MORE than 100 contraband items were seized during a purge of prohibited items at Fulham Correctional Centre last year, the State Government has revealed.
A release from the State Government detailed how the blitz, which was carried out from February 1 to May 31 last year, involved prison officers carrying out more than 8600 cell searches and 2300 drug tests on inmates at Fulham.
The searches included passive-alert dogs, pat-downs, possession searches, strip searches and vehicle searches.
Eighty four inmates at Fulham tested positive to various drugs, including Methadone, cannabis, amphetamines and opiates.
One hundred and fourteen inmates were found with 105 contraband items, including 22 drug items, 12 items of prescription drugs, 15 pieces of drug-related paraphernalia, 15 weapons, three items of alcohol and 16 other banned items, including tattoo and gambling items and a mobile phone.

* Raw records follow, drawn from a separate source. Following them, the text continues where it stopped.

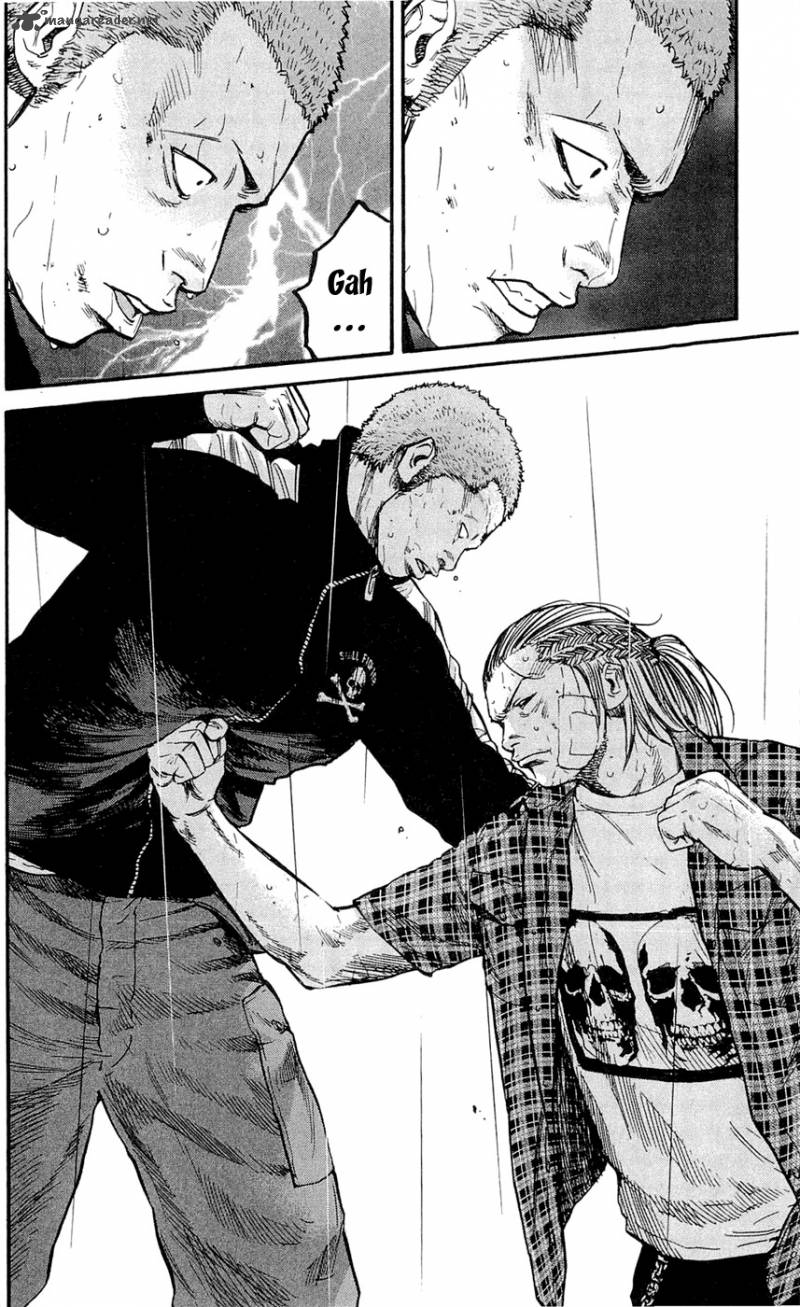 Clover Tetsuhiro Hirakawa 159 5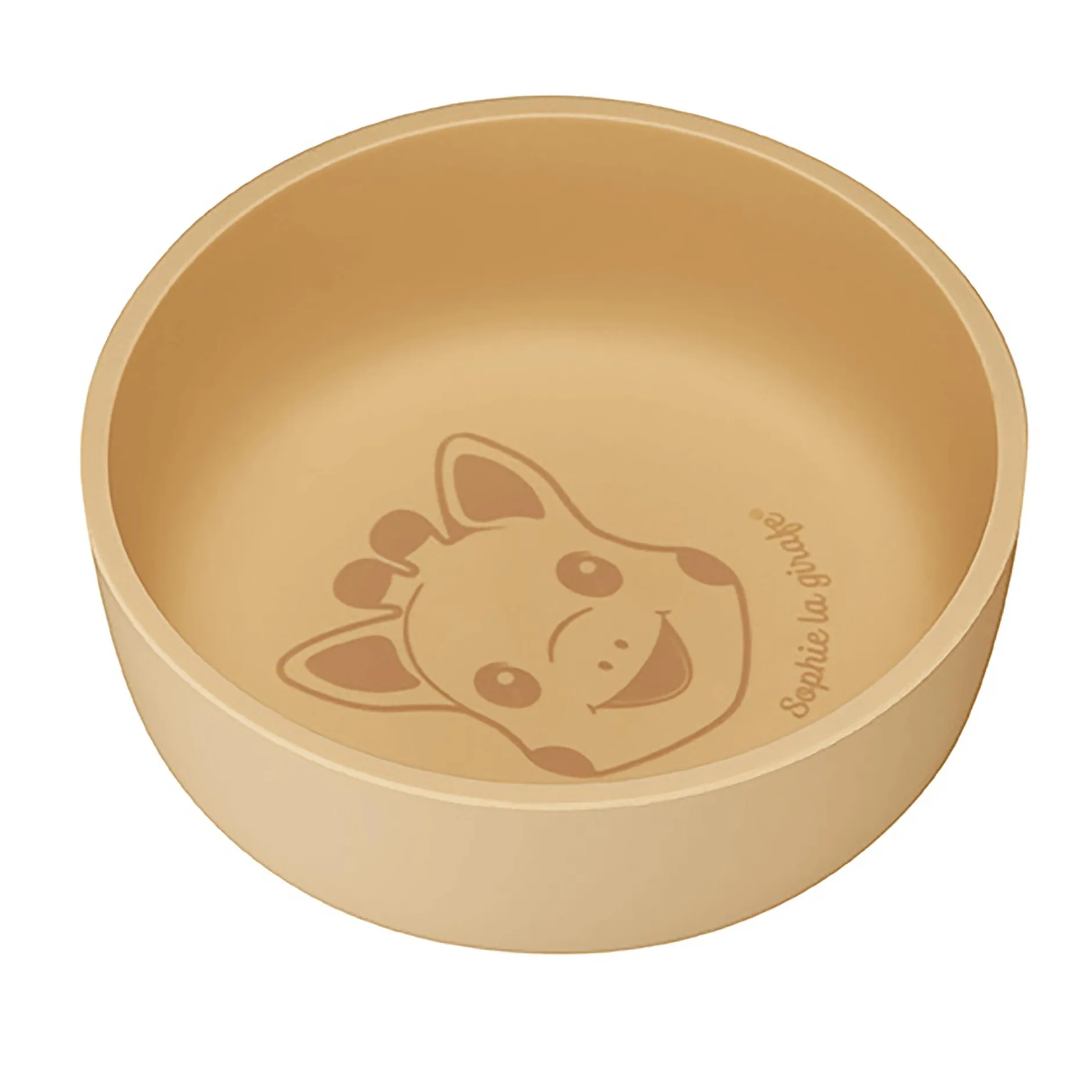 SOPHIE GIRAFE Bowl Silikon* Besteck & Geschirr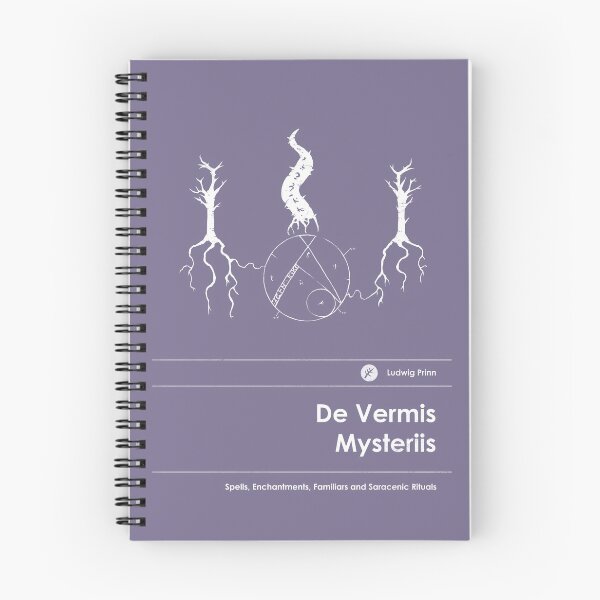 Item preview, De Vermis Mysteriis Second Edition (Special Edition) designed and sold by waitsingraves.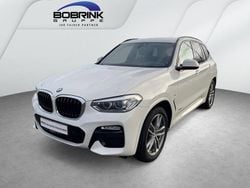 Weiß Gebraucht 2018 BMW X3 M Sport SUV | 27.540 € (Guter Preis)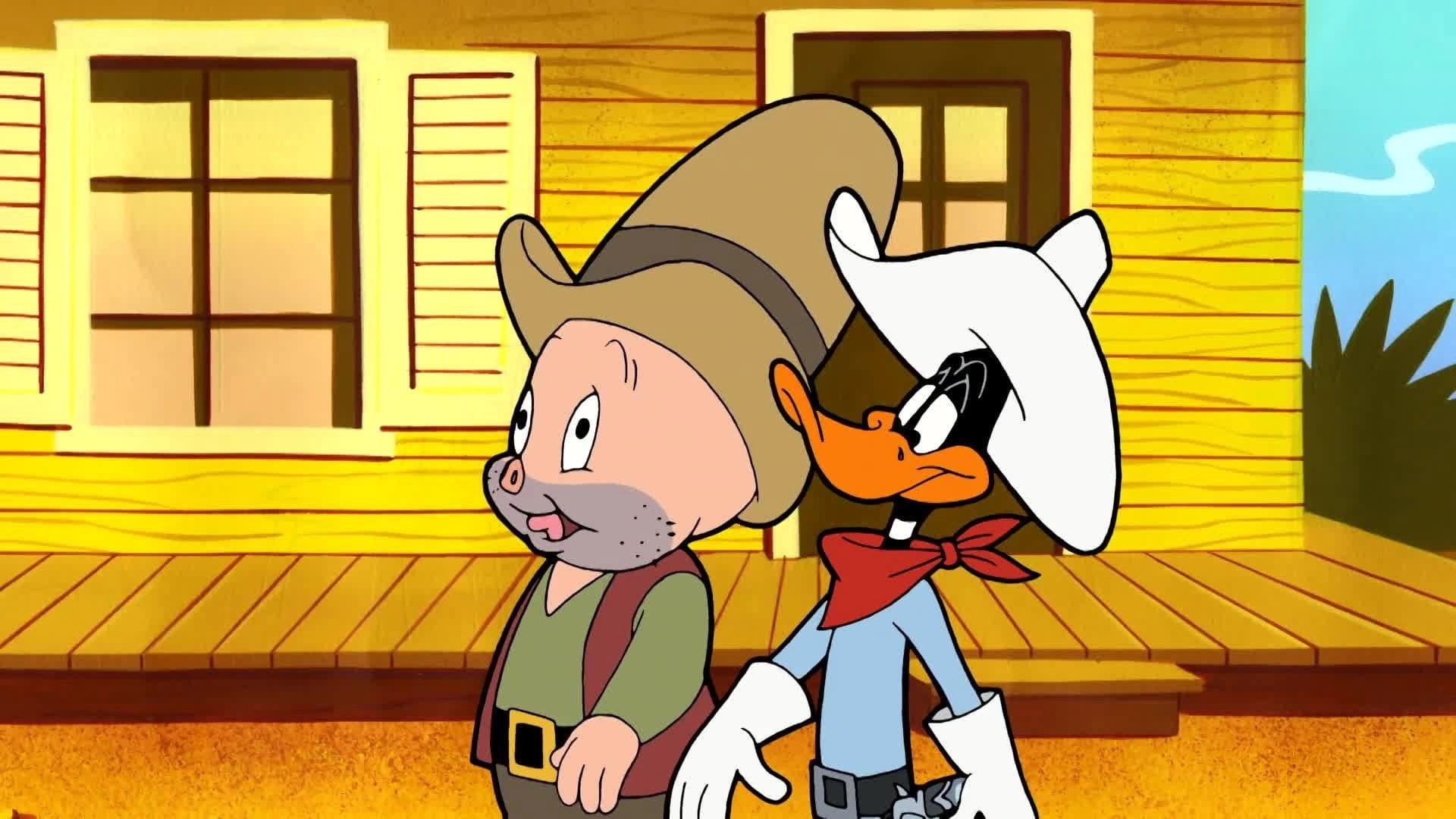 Duck Dodgers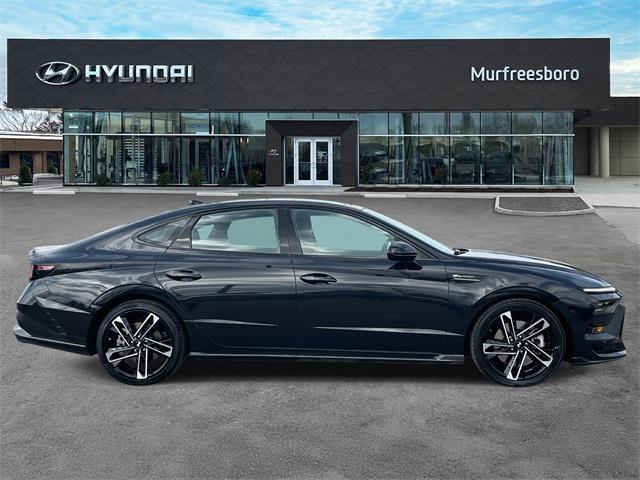 used 2024 Hyundai Sonata car, priced at $26,419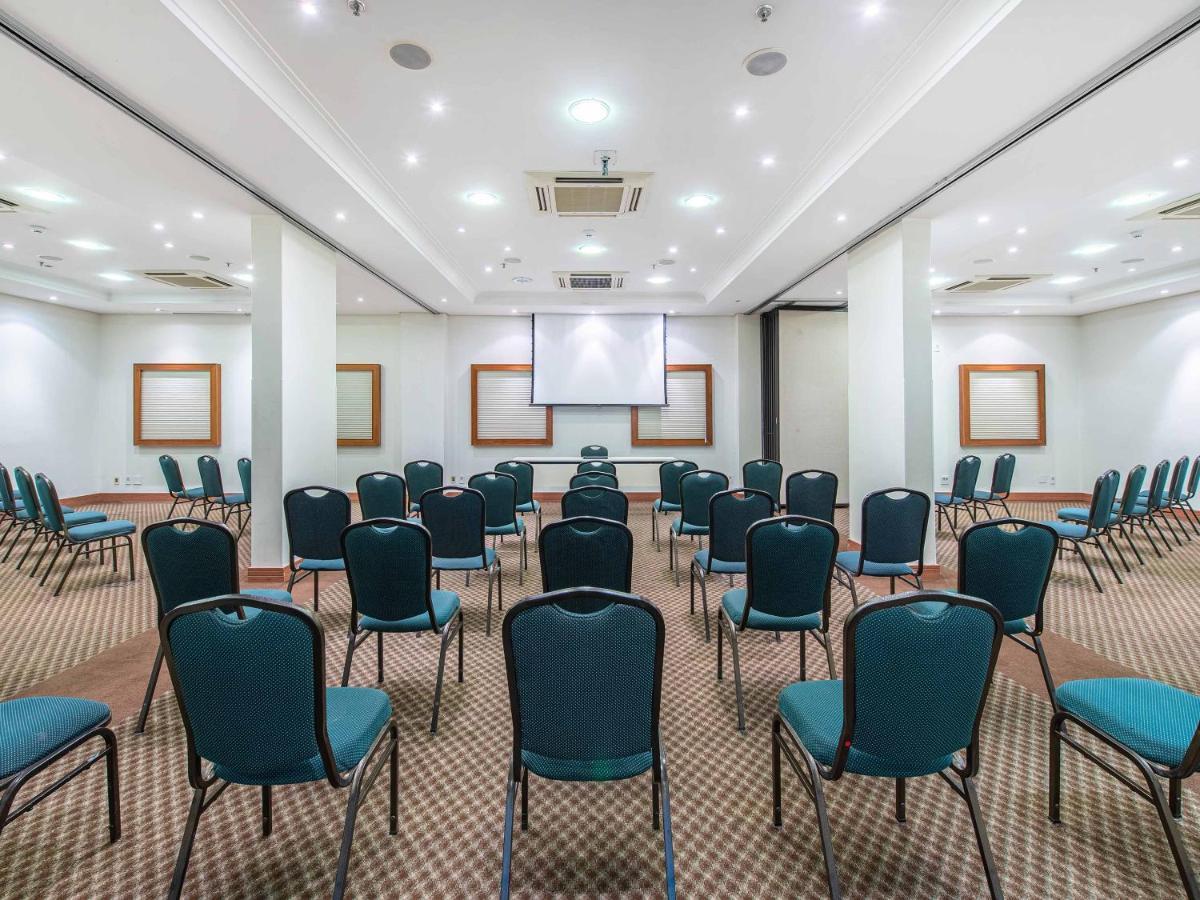 Hotel Cassino Tower Campinas Cambui By Nacional Inn מראה חיצוני תמונה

Fifteen visitors were also intercepted attempting to smuggle prohibited items into the prison, which included eight drug items, six pieces of drug-related paraphernalia, and one packet of prescription drugs.
The crackdown was part of a state-wide move against contraband in prisons, led by Corrections Victoria’s Security and Emergency Services Group.
Statewide, there were nearly 71,000 searches of prisoners and prison areas, visitors and visitor possessions in targeted and random searches to intercept contraband such as illegal drugs, alcohol and weapons.
A Corrections Victoria spokesman said the lengths to which people went to smuggle contraband into prisons were “extreme.”
“The methods they are using are becoming more sophisticated,” he said.
“Corrections Victoria is constantly on the look out for new and improved ways of detecting contraband such as drugs, weapons and mobile phones.
“Every prison has staff solely dedicated to the task of detecting and intercepting contraband.
“We also search prison visitors and their cars on prison land, and anyone caught with illicit drugs or a controlled weapon is immediately banned and referred to Victoria Police.”
A government spokesman said the interceptions of the contraband reflected the nature of prison inmates and visitors.
“By their very nature, prisons are environments where many of the daily comforts we take for granted are forbidden, as they should be.
“It is an unfortunate by-product that some prisoners and their associates will try to do the wrong thing. This information shows how well the systems which are in place to block this contraband are working.”